Luc Triangle, secrétaire général de la CSI, déclare que l’édition 2026 montre que la crise des droits des travailleurs ne se limite plus à des cas marginaux. Il dénonce une attaque coordonnée contre la démocratie, dans laquelle les travailleurs sont privés de leurs droits tandis que les économies sont orientées au profit d’un nombre restreint d’acteurs puissants.
France, Argentine et tendances structurelles sous surveillance
Pour la France, la confédération relève un déclin prolongé des droits des travailleurs, marqué notamment par la répression des militants syndicaux et par des restrictions sur les manifestations. Plus largement, elle observe en Europe une montée de l’hostilité envers les syndicats et leurs membres dans un contexte de progression de l’extrême droite.La CSI identifie aussi trois tendances structurelles, avec des dirigeants syndicaux de premier plan pris pour cibles par des arrestations, des violences ou des poursuites, une surveillance numérique accrue du personnel, et une moindre consultation des syndicats lors de l’adoption de nouvelles lois sociales. L’étude couvre 151 pays à partir de 97 indicateurs fondés sur les conventions de l’Organisation internationale du travail et sur sa jurisprudence.
Parmi les pays dont la situation se dégrade, l’Argentine enregistre l’un des plus forts reculs de l’indice en deux ans et rejoint les pires pays au monde pour les travailleurs. Le Panama entre lui aussi dans ce groupe, aux côtés notamment de la Biélorussie, de l’Egypte, de l’Equateur, de l’Eswatini, de la Birmanie, du Nigeria, de la Tunisie et de la Turquie. A l’inverse, huit pays seulement figurent parmi les mieux classés, presque tous en Europe, à l’exception de l’Uruguay.

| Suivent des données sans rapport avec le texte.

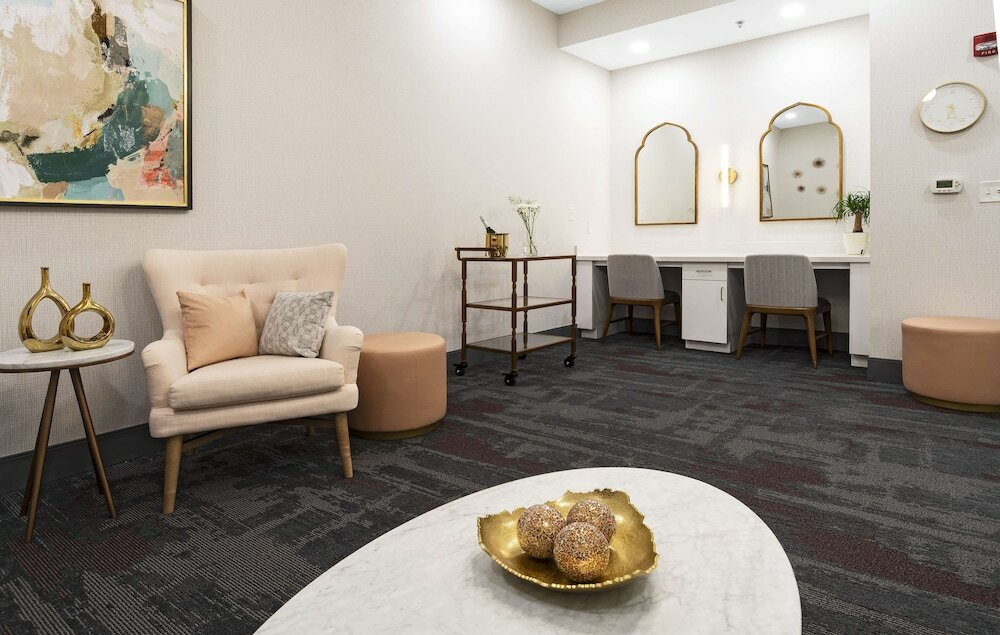 Фото Hampton Inn & Suites Raleigh Downtown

Dans notre précédent article sur le recul des droits des travailleurs mis en lumière par l’indice 2026 de la Confédération syndicale internationale (CSI), nous rappelions que la détérioration ne concerne plus seulement certains pays, mais touche aussi des démocraties comme la France et les États-Unis. Nous soulignions notamment la multiplication des restrictions aux libertés syndicales, les pressions sur la négociation collective, ainsi que la montée de la surveillance numérique et la mise à l’écart des syndicats dans l’élaboration des lois du travail.